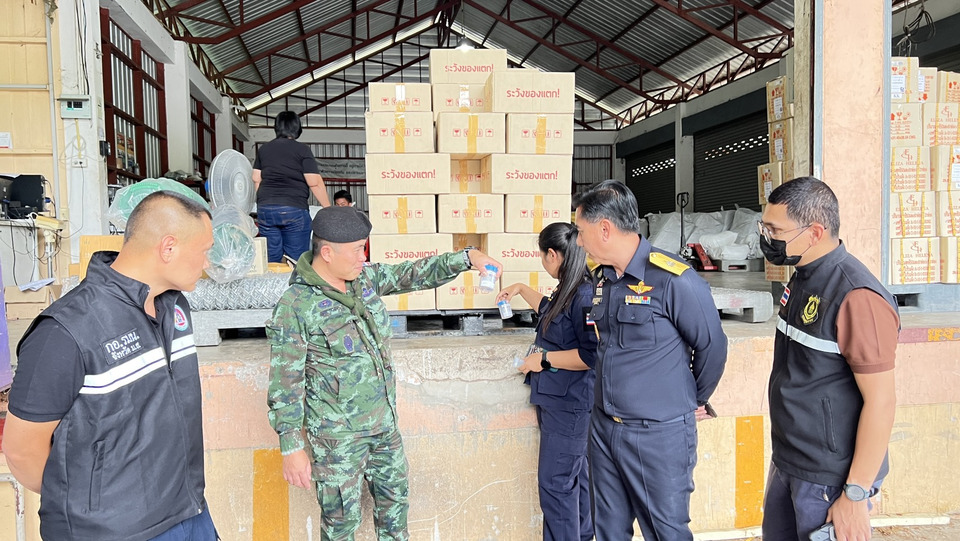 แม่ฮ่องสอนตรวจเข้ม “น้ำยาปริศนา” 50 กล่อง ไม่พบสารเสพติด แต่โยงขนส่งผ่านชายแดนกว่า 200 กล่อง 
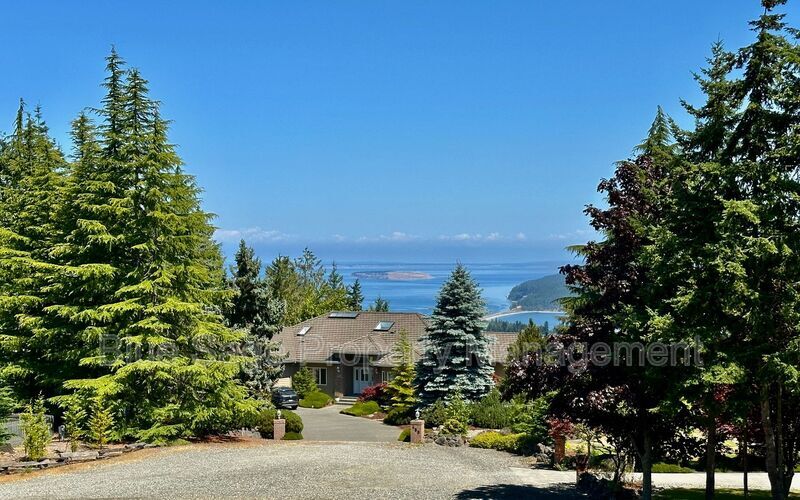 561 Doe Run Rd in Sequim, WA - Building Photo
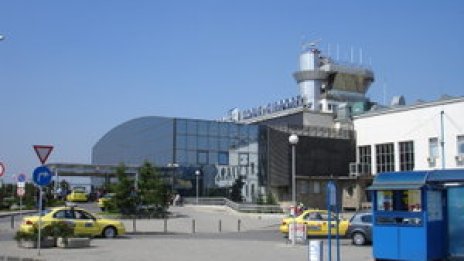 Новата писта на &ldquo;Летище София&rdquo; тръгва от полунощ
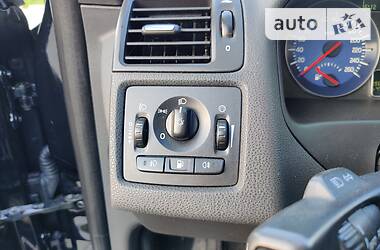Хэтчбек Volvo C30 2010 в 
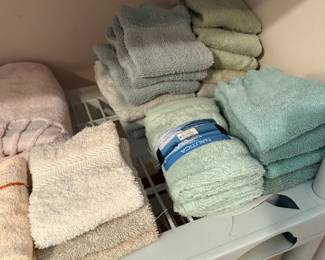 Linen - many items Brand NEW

___

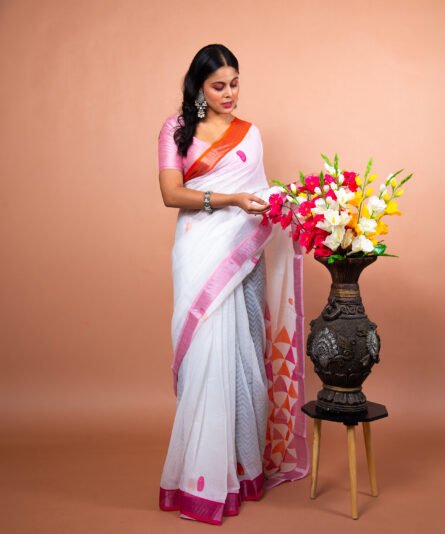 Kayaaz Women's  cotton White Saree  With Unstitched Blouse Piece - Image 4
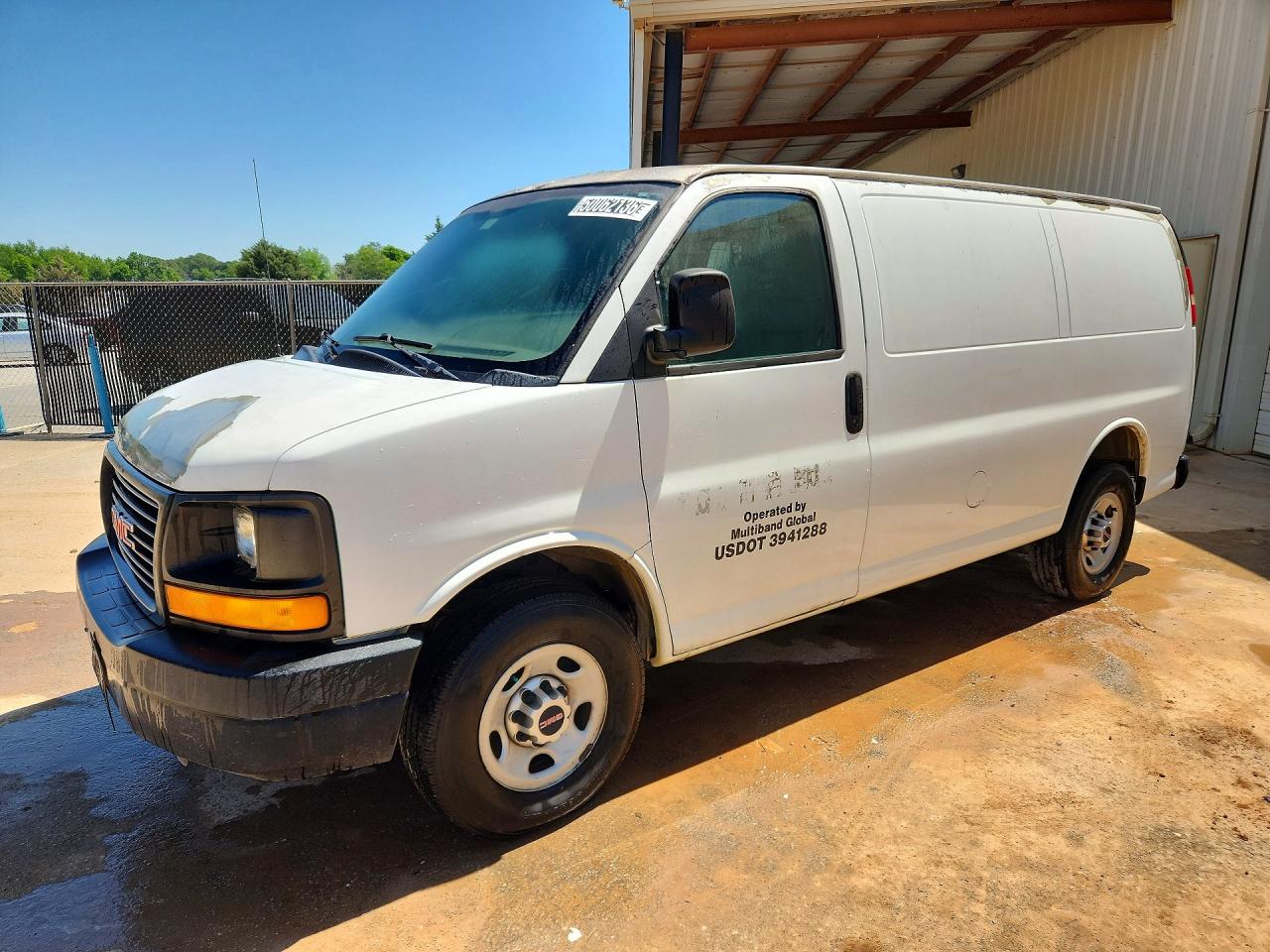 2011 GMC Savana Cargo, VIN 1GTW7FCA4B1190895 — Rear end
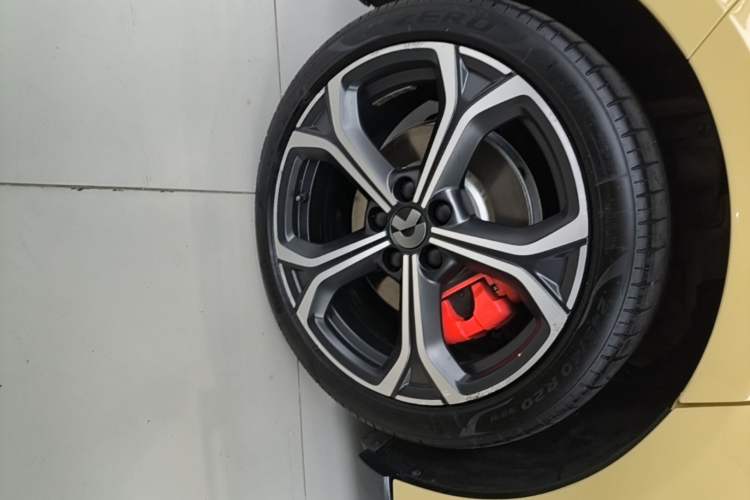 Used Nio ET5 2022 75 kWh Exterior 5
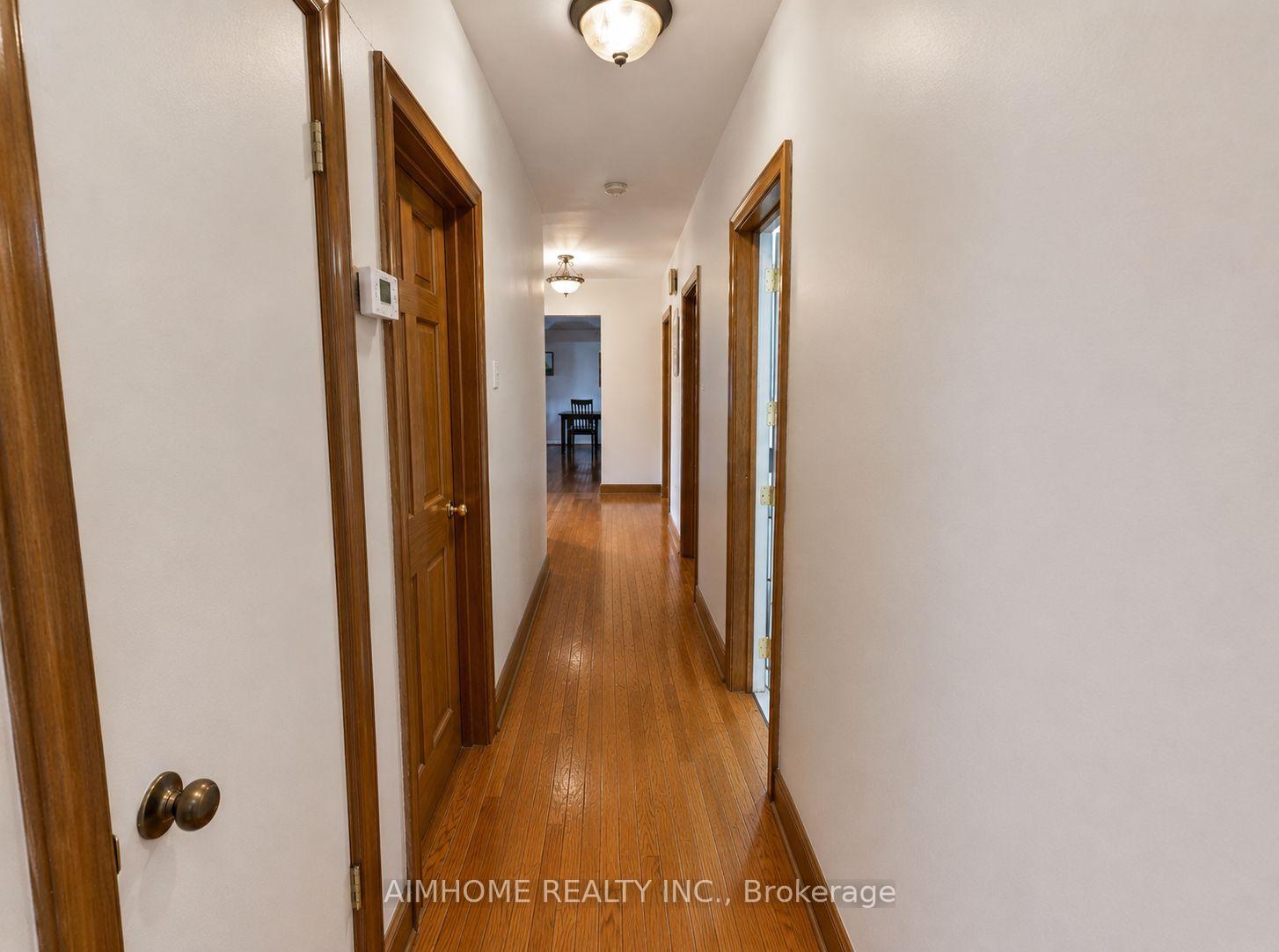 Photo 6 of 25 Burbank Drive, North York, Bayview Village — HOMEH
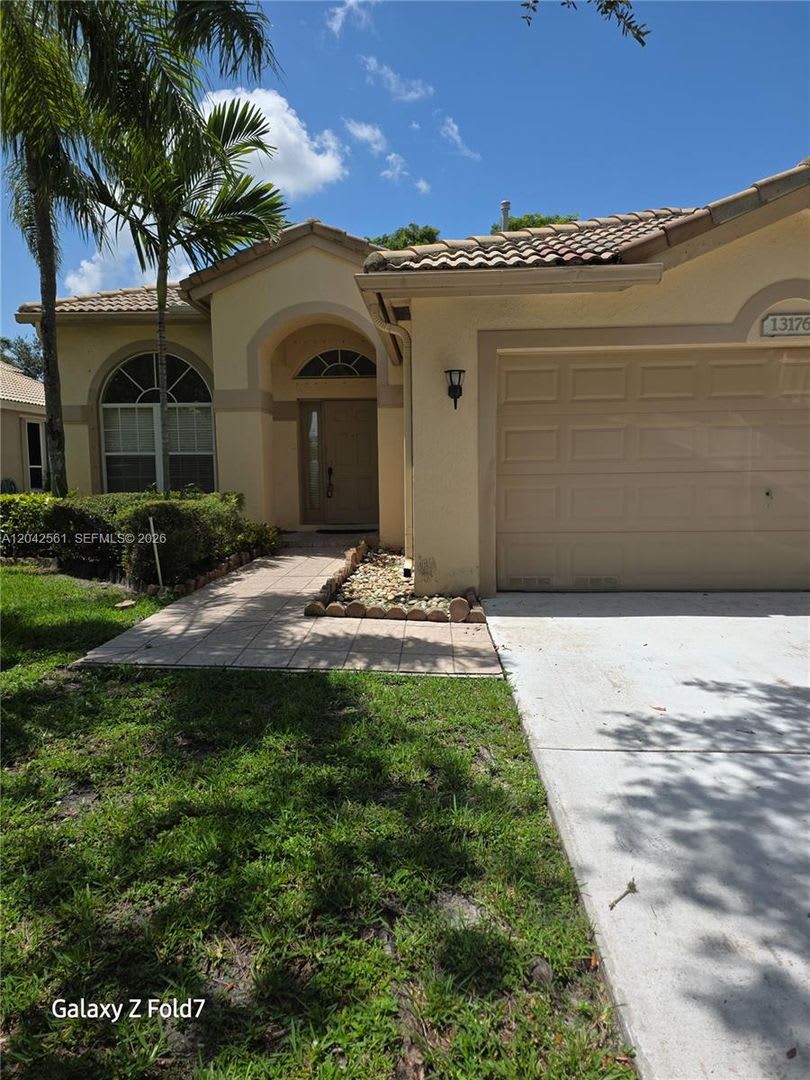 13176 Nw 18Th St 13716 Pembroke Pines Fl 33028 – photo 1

___

* [What is expected]:
Nothing outside the stretch above, from the line with "2011 GMC Savana" through the line with "13176 Nw 18Th", is set down. Transcribe that stretch exactly, ends included, but not its pictures.

* [Reply]:
 2011 GMC Savana Cargo, VIN 1GTW7FCA4B1190895 — Rear end
 Used Nio ET5 2022 75 kWh Exterior 5
 Photo 6 of 25 Burbank Drive, North York, Bayview Village — HOMEH
 13176 Nw 18Th St 13716 Pembroke Pines Fl 33028 – photo 1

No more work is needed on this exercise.